## TASK REQUIREMENTS
Print out each entry below exactly; do not carry over any image.
[DATA EXTRACTS — start]
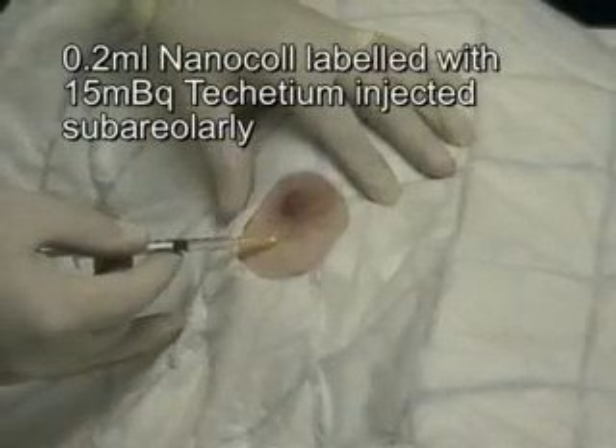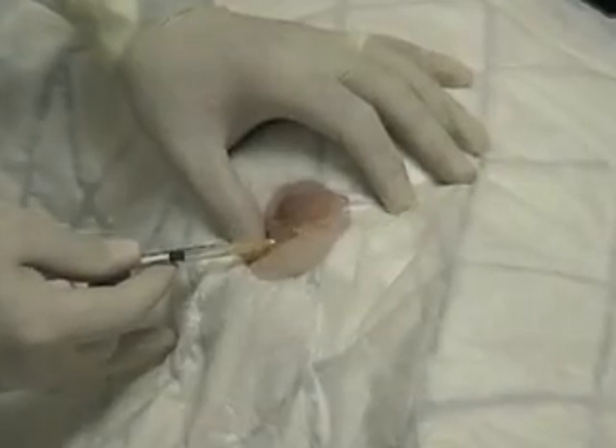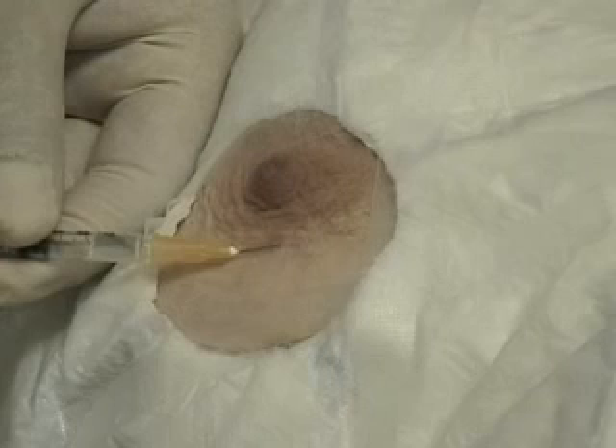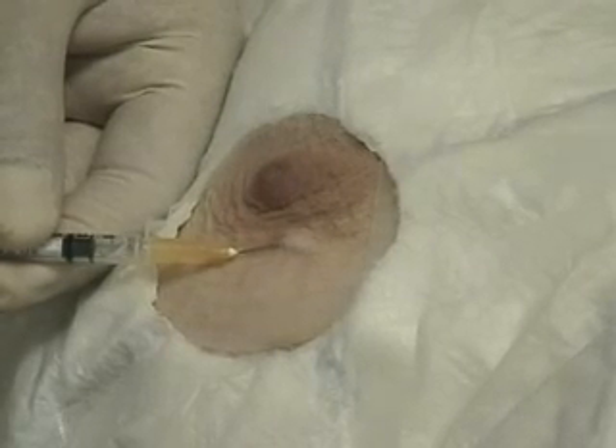After warning the patient, the needle is inserted very superficially into the skin in the periareolar region in the index quadrant. You can be confident that you are injecting superficial enough when you see a bleb raised.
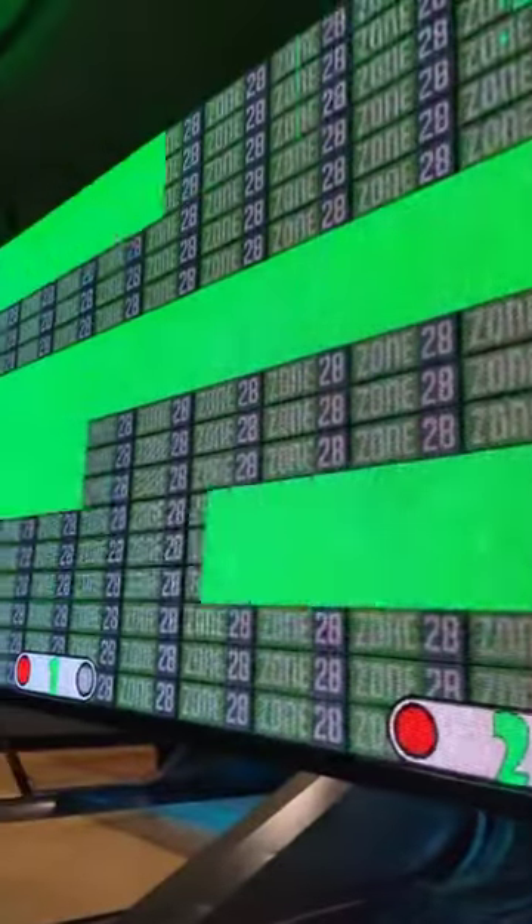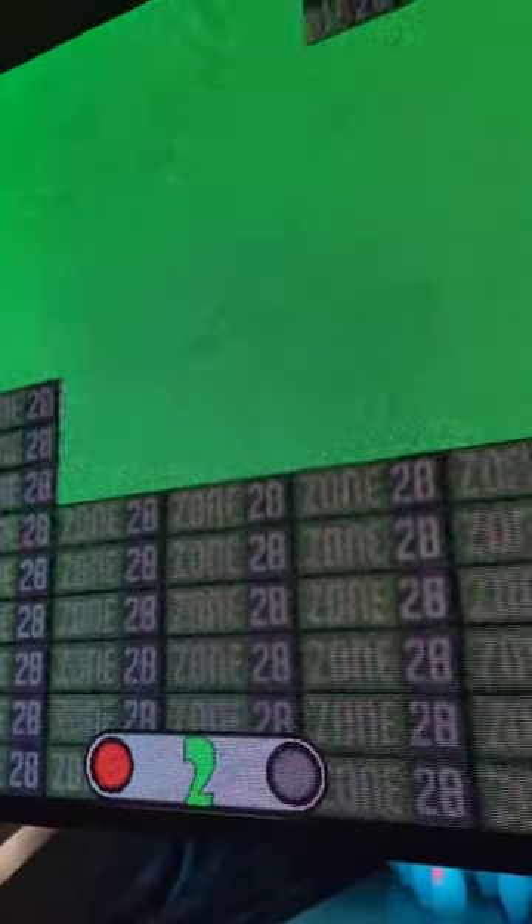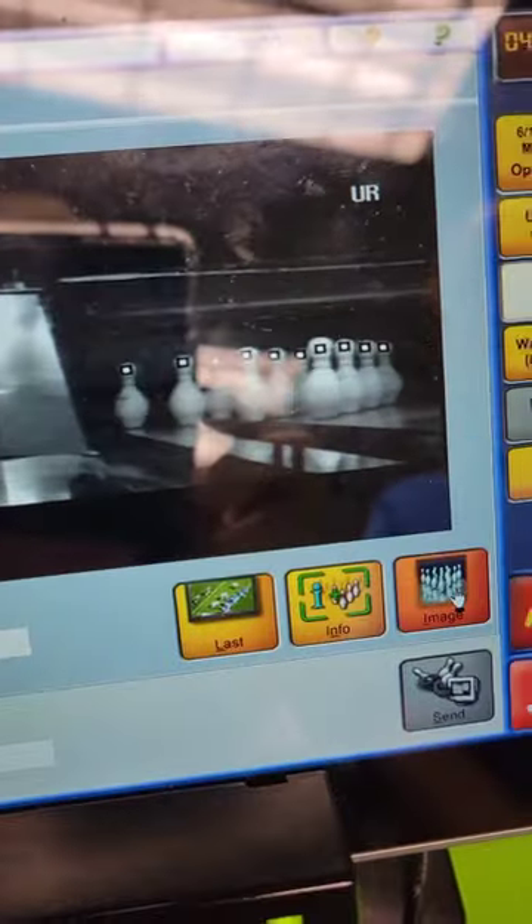Since this arcade is upgrading their screens to all LED panels and they're brighter, we tried adjusting the camera to get a better image. This is still to be determined.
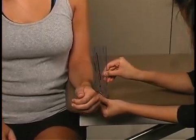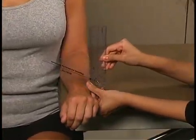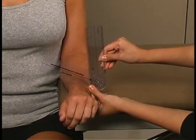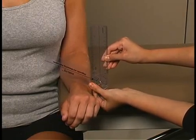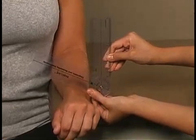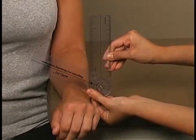Now move your palm down, hold it there. Thank you.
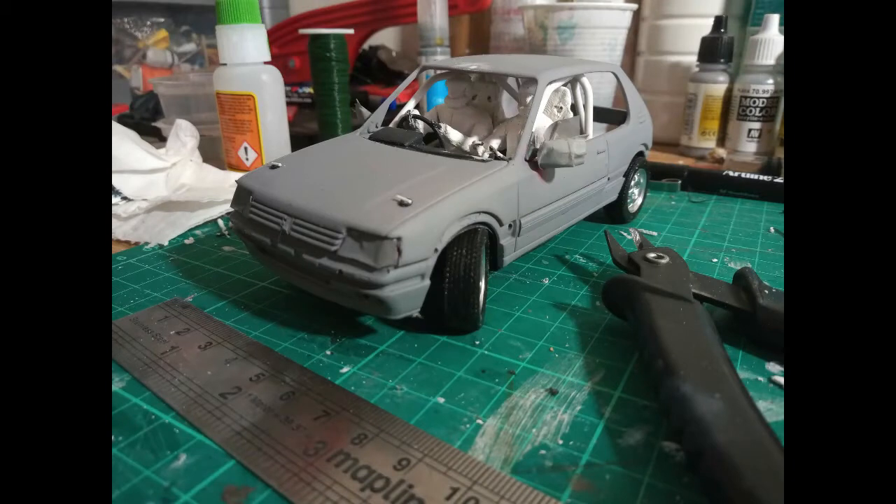Welcome, come on in, take a seat. So this week, I'm going to be carrying on with the Peugeot 205 diorama commission that I was revealing last week.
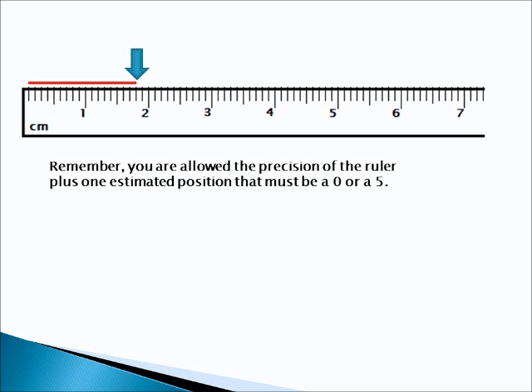Alright, here's the answer. The answer is 1.80 centimeters. There's one centimeter. You count these tenths, you get eight tenths of a centimeter. And then it looks like that red line falls pretty close to exactly on that 0.8 centimeter line, so we have no hundredths beyond that. The answer is 1.80 centimeters. Remember, you are allowed the precision of the ruler plus one estimated position, and that must be a zero or five.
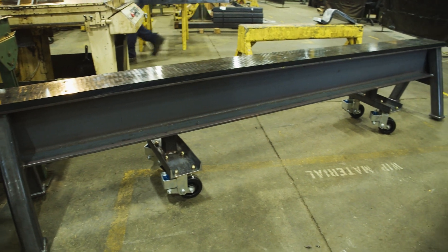People tend to refer to them as different things. I've heard: sawhorses, engineered sawhorses, material stands, engineered material stands.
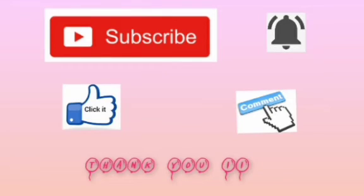Thanks for watching this video. If you like this video, please give it a big thumbs up and also subscribe to my channel for more good videos. Press the bell icon to get notifications when I upload, and comment in the comment section to let me know how it turned out!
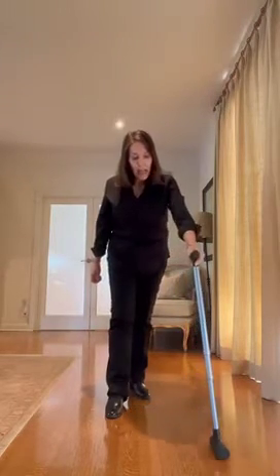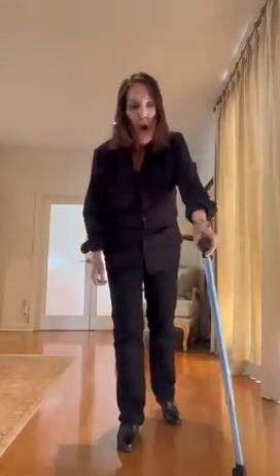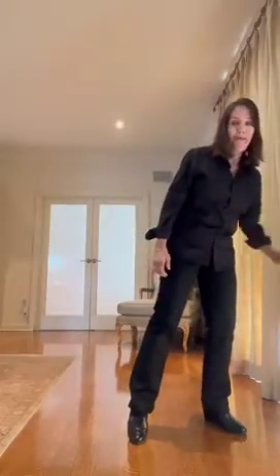The third foot cane is not a traditional cane. It needs to be adjusted and used differently. If you try using it like a traditional cane and moving it out in front of you, or if you don't adjust it high enough, you won't feel stable or balanced or be able to get the benefit.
[DATA EXTRACTS — finish]
## OUTPUT OF THE TASK
After warning the patient, the needle is inserted very superficially into the skin in the periareolar region in the index quadrant. You can be confident that you are injecting superficial enough when you see a bleb raised.
Since this arcade is upgrading their screens to all LED panels and they're brighter, we tried adjusting the camera to get a better image. This is still to be determined.
Now move your palm down, hold it there. Thank you.
Welcome, come on in, take a seat. So this week, I'm going to be carrying on with the Peugeot 205 diorama commission that I was revealing last week.
Alright, here's the answer. The answer is 1.80 centimeters. There's one centimeter. You count these tenths, you get eight tenths of a centimeter. And then it looks like that red line falls pretty close to exactly on that 0.8 centimeter line, so we have no hundredths beyond that. The answer is 1.80 centimeters. Remember, you are allowed the precision of the ruler plus one estimated position, and that must be a zero or five.
People tend to refer to them as different things. I've heard: sawhorses, engineered sawhorses, material stands, engineered material stands.
Thanks for watching this video. If you like this video, please give it a big thumbs up and also subscribe to my channel for more good videos. Press the bell icon to get notifications when I upload, and comment in the comment section to let me know how it turned out!
The third foot cane is not a traditional cane. It needs to be adjusted and used differently. If you try using it like a traditional cane and moving it out in front of you, or if you don't adjust it high enough, you won't feel stable or balanced or be able to get the benefit.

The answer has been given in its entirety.